UNTUK urusan bisa menggambarkan secara detil kejamnya naluri membunuh pada manusia, sutradara genre série noire (film bernuansa kelam, kelabu, sedih, frustrasi) Quentin Tarantino adalah jagoannya. Lihat saja film terbaru hasil besutannya yang kini melenggang sebagai film papan atas di banyak negara: Django Unchained.
Di situ Tarantino dengan detil bisa menggambarkan muncratnya darah dari tubuh manusia yang terkoyak pelor senjata berdiameter besar. Begitu pula, daging manusia yang tersayat-sayat oleh taring-taring tajam anjing pemburu yang super ganas.

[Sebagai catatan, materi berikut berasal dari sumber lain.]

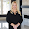 Karen Blevins - Chinowth & Cohen REALTORS®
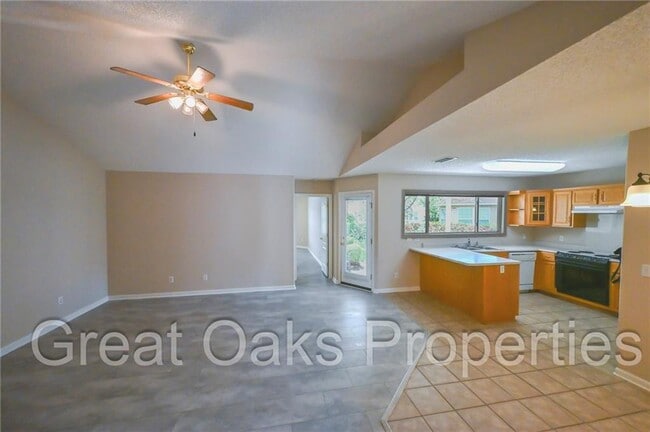 Building Photo - 138 Dalton Cody Dr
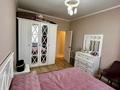 2-комнатная квартира · 55 м² · 1/3 этаж, Аубакирова 76 — ЖК «Жана Омир» за 28 млн 〒 в Жана куате — фото 3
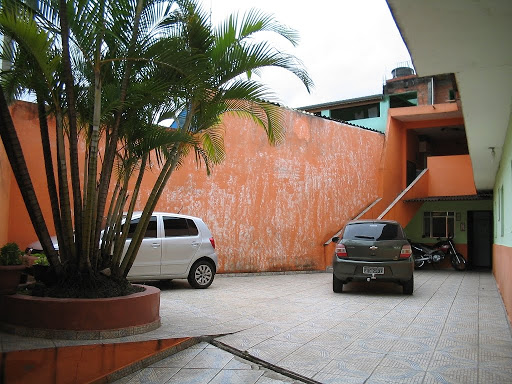 Quintal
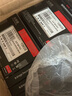 金儲星（Kingchuxing） SSD固態(tài)硬盤(pán)SATA3.0接口筆記本臺式機電腦加裝通用固態(tài)硬盤(pán) 官方標配+代預裝win10系統 256GB 曬單實(shí)拍圖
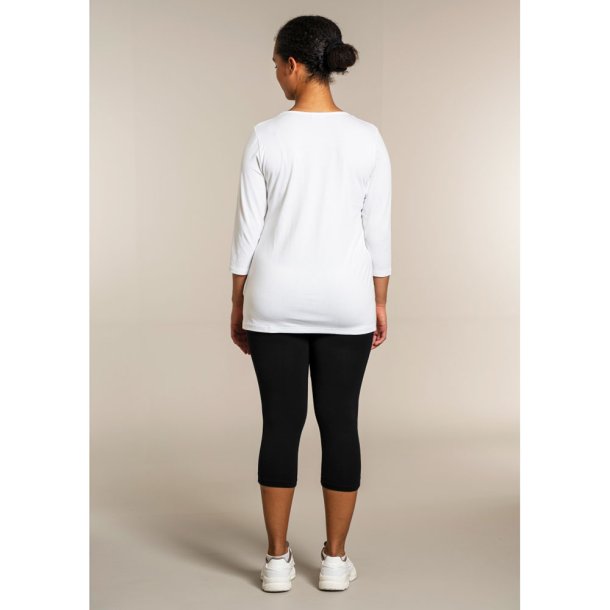 Amsterdam T-Shirt 3/4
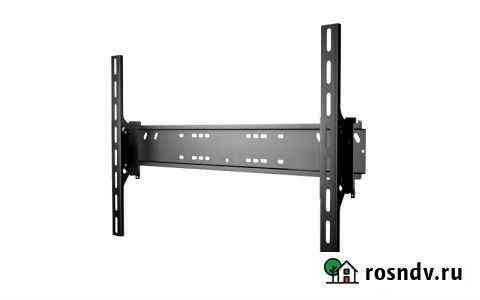 Кронштейн для LCD телевизора 32-60 новый Мурманск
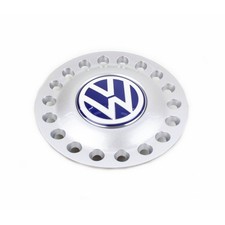 Stück felgendeckel - 1,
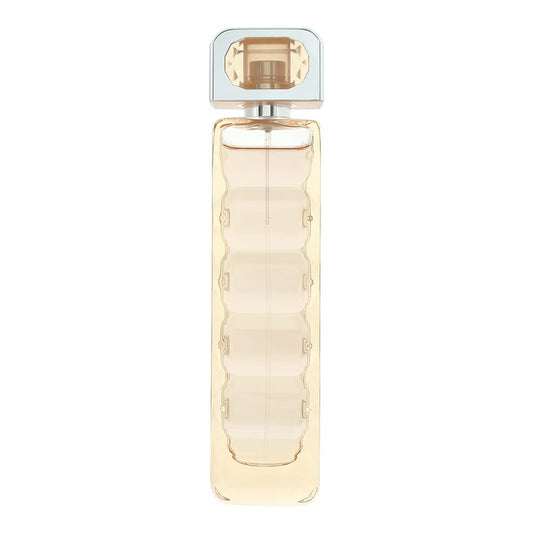 Hugo Boss Woman 75ml Eau de Toilette Spray for Her
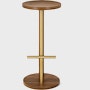 Spot Counter Stool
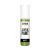 Pentart Matt akrilfesték 20 ml almazöld - 77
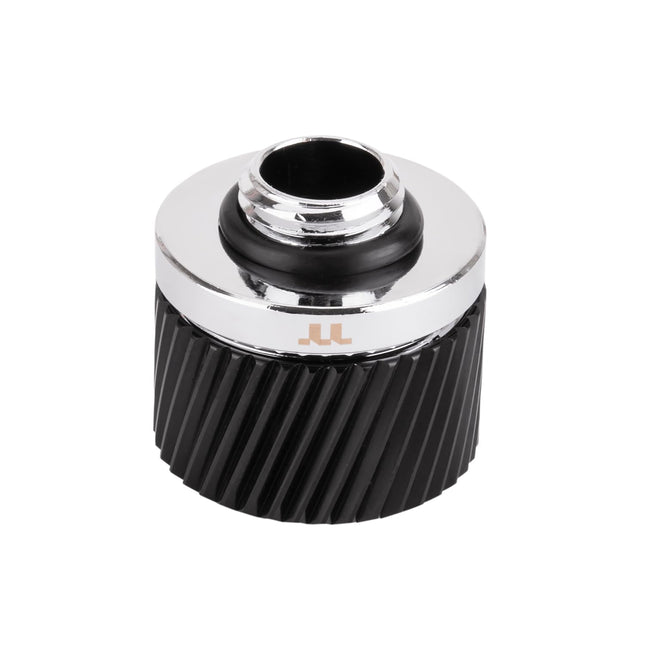 Thermaltake Pacific SF Hard Tube 16mm OD Compressi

Lihat misalnya tubuh perempuan yang dibuat terbang dengan derai darah muncrat kemana-mana seperti yang dialami Ms. Lara Candie, ketika pelor diameter besar melesat dari ujung senapan Django Freeman dan kemudian menyambar ganas tubuhnya. Begitu pula, paha manusia yang dibuat menjadi bulan-bulanan rentetan pelor disertai muncratan darah, ketika terjadi baku tembak di Great House antara Django Freeman –nama jagoan kita—dengan para begundal kaki tangan Monsieur Calvin Candie, nama landlord yang super rakus, licik, haus darah dan uang panas.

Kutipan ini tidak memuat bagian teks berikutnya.